See the possibilities of working with pan-tilt-zoom cameras using the ONVIF protocol.

DataFromSky avatar
Written by DataFromSky
Updated over a week ago

Normally, FLOW operates under the assumption that the cameras view the scene at a constant angle all the time. If e.g. someone moved the camera by hand to the left while FLOW is analyzing its video feed, it would seem to FLOW that all traffic objects suddenly moved to the right. The same principle goes for cameras using a pan-tilt-zoom capability to move on their own.
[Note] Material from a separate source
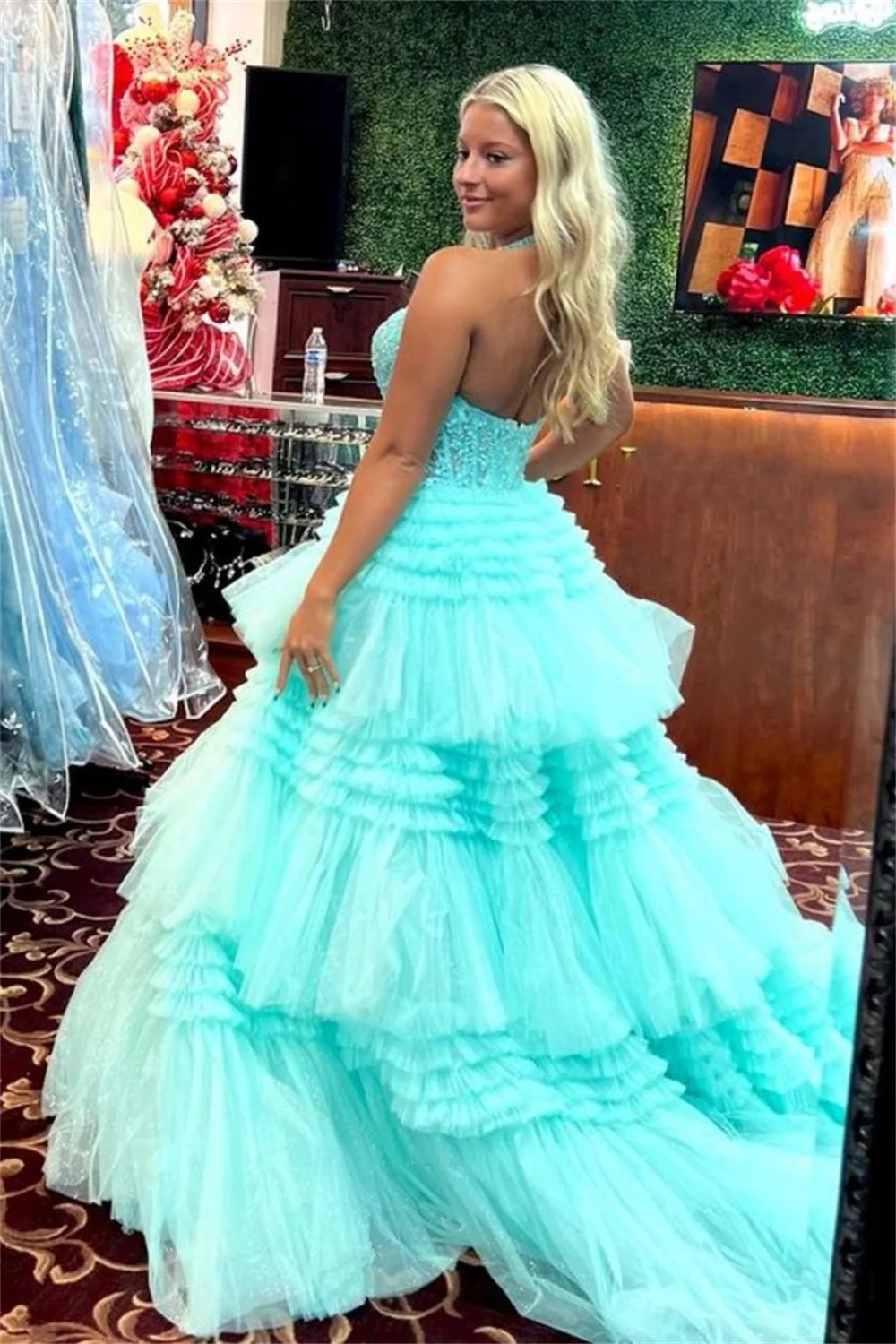 Sansa Sky Blue Tulle Prom Dress A-line Multilayer Vestidos De Noche Elegant Sleeveless Side Split Floor-Length Wedding Dresses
Luckily, there's a way that lets FLOW deal with the latter case and unlock new opportunities that PTZ cameras bring compared to static ones.

Most PTZ cameras use the ONVIF PTZ protocol to control and report their position. With the correct setup, a FLOW block can read this position in real-time and react to its changes. Once you set a camera's home position in FLOW Insights, the BLOCK makes sure to stop analyzing the video feed each time the camera moves out of this position and resume analysis when the camera gets back. Let's see how to set this up in detail. Of course, first you need to set up your own PTZ camera an have it accessible through the network.

Basic setup

Go to the Analytics overview and create a new analytic, or edit an existing one. You create a new one by clicking on Add source in the top right corner. Enable Connect to a PTZ data stream and enter the corresponding credentials and IP addresses.

Once you've created the analytic, enter it, go to Analytic settings, and select the PTZ settings section.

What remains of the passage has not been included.